== MATERIAL FOR THIS EXERCISE ==

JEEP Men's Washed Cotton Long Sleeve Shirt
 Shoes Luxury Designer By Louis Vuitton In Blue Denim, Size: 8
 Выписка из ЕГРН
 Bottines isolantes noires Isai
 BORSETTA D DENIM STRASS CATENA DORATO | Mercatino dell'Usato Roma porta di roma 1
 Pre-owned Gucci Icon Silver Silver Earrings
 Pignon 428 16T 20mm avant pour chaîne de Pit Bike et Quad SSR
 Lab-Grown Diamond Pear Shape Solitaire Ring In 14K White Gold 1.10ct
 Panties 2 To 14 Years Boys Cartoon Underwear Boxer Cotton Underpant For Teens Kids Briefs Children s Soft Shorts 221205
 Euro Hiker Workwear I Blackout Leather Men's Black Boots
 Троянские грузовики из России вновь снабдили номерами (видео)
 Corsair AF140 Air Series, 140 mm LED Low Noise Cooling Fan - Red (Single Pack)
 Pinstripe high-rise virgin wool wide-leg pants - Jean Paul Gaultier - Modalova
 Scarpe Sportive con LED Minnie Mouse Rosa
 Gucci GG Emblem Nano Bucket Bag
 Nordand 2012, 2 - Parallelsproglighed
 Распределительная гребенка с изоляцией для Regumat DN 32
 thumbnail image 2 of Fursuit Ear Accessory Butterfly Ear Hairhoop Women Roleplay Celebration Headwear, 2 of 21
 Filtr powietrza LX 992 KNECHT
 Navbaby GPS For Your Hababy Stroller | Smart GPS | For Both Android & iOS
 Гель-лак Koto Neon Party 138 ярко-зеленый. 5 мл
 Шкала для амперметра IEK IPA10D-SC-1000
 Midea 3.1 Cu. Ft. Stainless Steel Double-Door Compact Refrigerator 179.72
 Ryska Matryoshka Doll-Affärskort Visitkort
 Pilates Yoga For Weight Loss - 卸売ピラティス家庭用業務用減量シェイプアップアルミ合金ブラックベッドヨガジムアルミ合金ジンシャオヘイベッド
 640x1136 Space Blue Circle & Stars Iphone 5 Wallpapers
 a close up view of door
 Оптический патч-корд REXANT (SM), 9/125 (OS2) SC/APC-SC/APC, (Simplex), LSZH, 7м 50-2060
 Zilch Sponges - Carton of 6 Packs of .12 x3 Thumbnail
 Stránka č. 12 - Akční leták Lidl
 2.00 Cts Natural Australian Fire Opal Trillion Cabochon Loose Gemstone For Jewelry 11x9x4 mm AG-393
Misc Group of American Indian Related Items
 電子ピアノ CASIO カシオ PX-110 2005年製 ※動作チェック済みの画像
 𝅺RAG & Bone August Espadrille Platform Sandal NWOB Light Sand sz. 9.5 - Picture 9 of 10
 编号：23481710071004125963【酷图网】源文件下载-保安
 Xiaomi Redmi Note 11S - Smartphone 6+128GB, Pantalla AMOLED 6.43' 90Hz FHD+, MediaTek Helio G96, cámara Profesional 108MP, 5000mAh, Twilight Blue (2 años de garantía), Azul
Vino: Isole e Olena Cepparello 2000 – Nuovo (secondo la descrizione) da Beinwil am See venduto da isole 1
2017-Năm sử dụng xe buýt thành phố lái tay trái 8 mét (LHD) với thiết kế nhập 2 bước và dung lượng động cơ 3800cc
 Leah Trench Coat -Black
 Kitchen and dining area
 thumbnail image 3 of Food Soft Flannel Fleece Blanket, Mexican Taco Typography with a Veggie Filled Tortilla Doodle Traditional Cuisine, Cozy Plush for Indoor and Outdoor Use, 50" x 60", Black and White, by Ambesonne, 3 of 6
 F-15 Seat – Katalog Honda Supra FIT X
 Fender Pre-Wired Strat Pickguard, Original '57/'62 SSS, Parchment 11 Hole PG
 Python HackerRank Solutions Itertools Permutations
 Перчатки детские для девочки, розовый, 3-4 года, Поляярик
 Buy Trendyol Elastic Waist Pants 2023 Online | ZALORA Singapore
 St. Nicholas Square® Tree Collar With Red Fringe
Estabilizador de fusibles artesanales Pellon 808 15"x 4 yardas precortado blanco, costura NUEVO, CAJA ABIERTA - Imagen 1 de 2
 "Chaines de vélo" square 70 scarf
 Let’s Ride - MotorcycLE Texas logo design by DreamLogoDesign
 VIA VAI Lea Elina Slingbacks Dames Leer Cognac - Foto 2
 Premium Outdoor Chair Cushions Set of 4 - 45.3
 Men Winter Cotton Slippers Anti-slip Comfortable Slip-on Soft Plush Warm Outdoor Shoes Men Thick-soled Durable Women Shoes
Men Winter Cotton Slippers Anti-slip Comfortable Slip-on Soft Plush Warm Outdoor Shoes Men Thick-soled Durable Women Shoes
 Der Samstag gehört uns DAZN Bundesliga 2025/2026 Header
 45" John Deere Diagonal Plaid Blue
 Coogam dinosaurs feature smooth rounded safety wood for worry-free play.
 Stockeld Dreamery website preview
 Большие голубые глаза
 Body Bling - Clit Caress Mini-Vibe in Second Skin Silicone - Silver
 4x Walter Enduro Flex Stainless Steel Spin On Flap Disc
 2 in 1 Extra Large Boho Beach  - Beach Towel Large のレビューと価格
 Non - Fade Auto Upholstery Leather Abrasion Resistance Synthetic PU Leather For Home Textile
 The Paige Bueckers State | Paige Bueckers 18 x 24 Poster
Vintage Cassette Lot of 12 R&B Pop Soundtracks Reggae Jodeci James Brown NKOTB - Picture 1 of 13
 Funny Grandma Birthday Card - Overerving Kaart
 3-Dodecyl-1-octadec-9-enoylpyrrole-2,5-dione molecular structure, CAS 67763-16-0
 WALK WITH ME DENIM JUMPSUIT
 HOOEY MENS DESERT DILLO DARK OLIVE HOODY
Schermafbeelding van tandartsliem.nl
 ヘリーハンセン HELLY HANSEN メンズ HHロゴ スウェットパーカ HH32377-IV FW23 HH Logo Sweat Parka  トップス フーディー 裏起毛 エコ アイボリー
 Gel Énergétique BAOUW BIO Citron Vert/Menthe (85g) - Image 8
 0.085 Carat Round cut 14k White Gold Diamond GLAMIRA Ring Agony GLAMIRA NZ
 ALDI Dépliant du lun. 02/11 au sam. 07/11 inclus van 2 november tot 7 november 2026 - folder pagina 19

===

### PROBLEM DESCRIPTION
Copy the data once more. Leave nothing out.

### ANSWER TO THE EXERCISE
JEEP Men's Washed Cotton Long Sleeve Shirt
 Shoes Luxury Designer By Louis Vuitton In Blue Denim, Size: 8
 Выписка из ЕГРН
 Bottines isolantes noires Isai
 BORSETTA D DENIM STRASS CATENA DORATO | Mercatino dell'Usato Roma porta di roma 1
 Pre-owned Gucci Icon Silver Silver Earrings
 Pignon 428 16T 20mm avant pour chaîne de Pit Bike et Quad SSR
 Lab-Grown Diamond Pear Shape Solitaire Ring In 14K White Gold 1.10ct
 Panties 2 To 14 Years Boys Cartoon Underwear Boxer Cotton Underpant For Teens Kids Briefs Children s Soft Shorts 221205
 Euro Hiker Workwear I Blackout Leather Men's Black Boots
 Троянские грузовики из России вновь снабдили номерами (видео)
 Corsair AF140 Air Series, 140 mm LED Low Noise Cooling Fan - Red (Single Pack)
 Pinstripe high-rise virgin wool wide-leg pants - Jean Paul Gaultier - Modalova
 Scarpe Sportive con LED Minnie Mouse Rosa
 Gucci GG Emblem Nano Bucket Bag
 Nordand 2012, 2 - Parallelsproglighed
 Распределительная гребенка с изоляцией для Regumat DN 32
 thumbnail image 2 of Fursuit Ear Accessory Butterfly Ear Hairhoop Women Roleplay Celebration Headwear, 2 of 21
 Filtr powietrza LX 992 KNECHT
 Navbaby GPS For Your Hababy Stroller | Smart GPS | For Both Android & iOS
 Гель-лак Koto Neon Party 138 ярко-зеленый. 5 мл
 Шкала для амперметра IEK IPA10D-SC-1000
 Midea 3.1 Cu. Ft. Stainless Steel Double-Door Compact Refrigerator 179.72
 Ryska Matryoshka Doll-Affärskort Visitkort
 Pilates Yoga For Weight Loss - 卸売ピラティス家庭用業務用減量シェイプアップアルミ合金ブラックベッドヨガジムアルミ合金ジンシャオヘイベッド
 640x1136 Space Blue Circle & Stars Iphone 5 Wallpapers
 a close up view of door
 Оптический патч-корд REXANT (SM), 9/125 (OS2) SC/APC-SC/APC, (Simplex), LSZH, 7м 50-2060
 Zilch Sponges - Carton of 6 Packs of .12 x3 Thumbnail
 Stránka č. 12 - Akční leták Lidl
 2.00 Cts Natural Australian Fire Opal Trillion Cabochon Loose Gemstone For Jewelry 11x9x4 mm AG-393
Misc Group of American Indian Related Items
 電子ピアノ CASIO カシオ PX-110 2005年製 ※動作チェック済みの画像
 𝅺RAG & Bone August Espadrille Platform Sandal NWOB Light Sand sz. 9.5 - Picture 9 of 10
 编号：23481710071004125963【酷图网】源文件下载-保安
 Xiaomi Redmi Note 11S - Smartphone 6+128GB, Pantalla AMOLED 6.43' 90Hz FHD+, MediaTek Helio G96, cámara Profesional 108MP, 5000mAh, Twilight Blue (2 años de garantía), Azul
Vino: Isole e Olena Cepparello 2000 – Nuovo (secondo la descrizione) da Beinwil am See venduto da isole 1
2017-Năm sử dụng xe buýt thành phố lái tay trái 8 mét (LHD) với thiết kế nhập 2 bước và dung lượng động cơ 3800cc
 Leah Trench Coat -Black
 Kitchen and dining area
 thumbnail image 3 of Food Soft Flannel Fleece Blanket, Mexican Taco Typography with a Veggie Filled Tortilla Doodle Traditional Cuisine, Cozy Plush for Indoor and Outdoor Use, 50" x 60", Black and White, by Ambesonne, 3 of 6
 F-15 Seat – Katalog Honda Supra FIT X
 Fender Pre-Wired Strat Pickguard, Original '57/'62 SSS, Parchment 11 Hole PG
 Python HackerRank Solutions Itertools Permutations
 Перчатки детские для девочки, розовый, 3-4 года, Поляярик
 Buy Trendyol Elastic Waist Pants 2023 Online | ZALORA Singapore
 St. Nicholas Square® Tree Collar With Red Fringe
Estabilizador de fusibles artesanales Pellon 808 15"x 4 yardas precortado blanco, costura NUEVO, CAJA ABIERTA - Imagen 1 de 2
 "Chaines de vélo" square 70 scarf
 Let’s Ride - MotorcycLE Texas logo design by DreamLogoDesign
 VIA VAI Lea Elina Slingbacks Dames Leer Cognac - Foto 2
 Premium Outdoor Chair Cushions Set of 4 - 45.3
 Men Winter Cotton Slippers Anti-slip Comfortable Slip-on Soft Plush Warm Outdoor Shoes Men Thick-soled Durable Women Shoes
Men Winter Cotton Slippers Anti-slip Comfortable Slip-on Soft Plush Warm Outdoor Shoes Men Thick-soled Durable Women Shoes
 Der Samstag gehört uns DAZN Bundesliga 2025/2026 Header
 45" John Deere Diagonal Plaid Blue
 Coogam dinosaurs feature smooth rounded safety wood for worry-free play.
 Stockeld Dreamery website preview
 Большие голубые глаза
 Body Bling - Clit Caress Mini-Vibe in Second Skin Silicone - Silver
 4x Walter Enduro Flex Stainless Steel Spin On Flap Disc
 2 in 1 Extra Large Boho Beach  - Beach Towel Large のレビューと価格
 Non - Fade Auto Upholstery Leather Abrasion Resistance Synthetic PU Leather For Home Textile
 The Paige Bueckers State | Paige Bueckers 18 x 24 Poster
Vintage Cassette Lot of 12 R&B Pop Soundtracks Reggae Jodeci James Brown NKOTB - Picture 1 of 13
 Funny Grandma Birthday Card - Overerving Kaart
 3-Dodecyl-1-octadec-9-enoylpyrrole-2,5-dione molecular structure, CAS 67763-16-0
 WALK WITH ME DENIM JUMPSUIT
 HOOEY MENS DESERT DILLO DARK OLIVE HOODY
Schermafbeelding van tandartsliem.nl
 ヘリーハンセン HELLY HANSEN メンズ HHロゴ スウェットパーカ HH32377-IV FW23 HH Logo Sweat Parka  トップス フーディー 裏起毛 エコ アイボリー
 Gel Énergétique BAOUW BIO Citron Vert/Menthe (85g) - Image 8
 0.085 Carat Round cut 14k White Gold Diamond GLAMIRA Ring Agony GLAMIRA NZ
 ALDI Dépliant du lun. 02/11 au sam. 07/11 inclus van 2 november tot 7 november 2026 - folder pagina 19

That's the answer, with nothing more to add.